Lo sviluppo è terribile quando scoppia la guerra. “Nel 1939 scoppia la guerra, e un allarme notturno richiama le persone ai rifugi. Anche Irene vi si reca e, durante la notte, c’è un tentativo di violenza nei suoi confronti. Nonostante i bombardamenti, lei fugge nella nuova abitazione di Leo; qualcuno la vede e sparge la voce. Lettere anonime presentano la ragazza come ‘puttana’, ‘cagna in calore’. Le minacce aumentano, e Irene, su consiglio dell’amico, accetta di sposarsi con un giovane tedesco, anche se non ne è innamorata. Vuole fugare le voci che girano su lei e Leo. Dopo la celebrazione delle nozze, il marito viene arruolato in guerra e lei si incontra un paio di volte con Leo nel proprio atelier fotografico. Le maldicenze si infittiscono. L’odio razziale, costruito e imposto accortamente da Hitler, entra nella vita quotidiana delle persone e si diffonde imprevedibilmente con esito drammatico. I pettegolezzi giungono perfino alla macchina giudiziaria nazista, con un tragico risultato: Leo viene incriminato per ‘inquinamento razziale’, arrestato e condotto in tribunale”. Il magistrato però indaga davvero, scopre che si tratta soltanto di maldicenze e lo assolve. Ma la storia non è finita. Un altro magistrato, amico di Hitler, riprende in mano il caso e condanna a morte Leo. Anche Irene viene condannata a quattro anni di carcere, per falsa testimonianza.

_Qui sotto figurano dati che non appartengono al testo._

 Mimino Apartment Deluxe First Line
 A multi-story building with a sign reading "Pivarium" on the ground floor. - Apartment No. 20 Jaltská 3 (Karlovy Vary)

Il punto di svolta nella nostra lettura però non è questo, ma quando ricostruendo la vicenda di Leo, la recensione ci riferisce di un suo colloquio con un suo dipendente, che lo ringraziava perché si era battuto, nonostante i torti inflittigli, affinché non perdessero il loro posto di lavoro. L’articolo attribuisce a Leo queste parole: “Per me siete stati tutti dei bravi e fedeli dipendenti, ebrei, cattolici o protestanti, senza alcuna differenza. Non è obbligatorio rispondere a un torto con un altro torto, all’odio con altro odio… Io, almeno, l’ho sempre pensata così e non credo riusciranno a farmi cambiare idea”. Leo e Irene sono probabilmente due fondatori dell’Unione Europea, due fondatori poco citati, ma due fondatori, come Andenauer o De Gasperi. Leggendo così le sollecitazioni di Civiltà Cattolica per il passato e applicandole anche all’oggi potremmo dire che anche Simone, quel ragazzo quindicenne di Torre Maura che a chi fomentava la popolazione contro i rom ha detto “volete solo i voti”, è un altro padre fondatore d’Europa, della Europa che ha bisogno di cittadini consapevoli.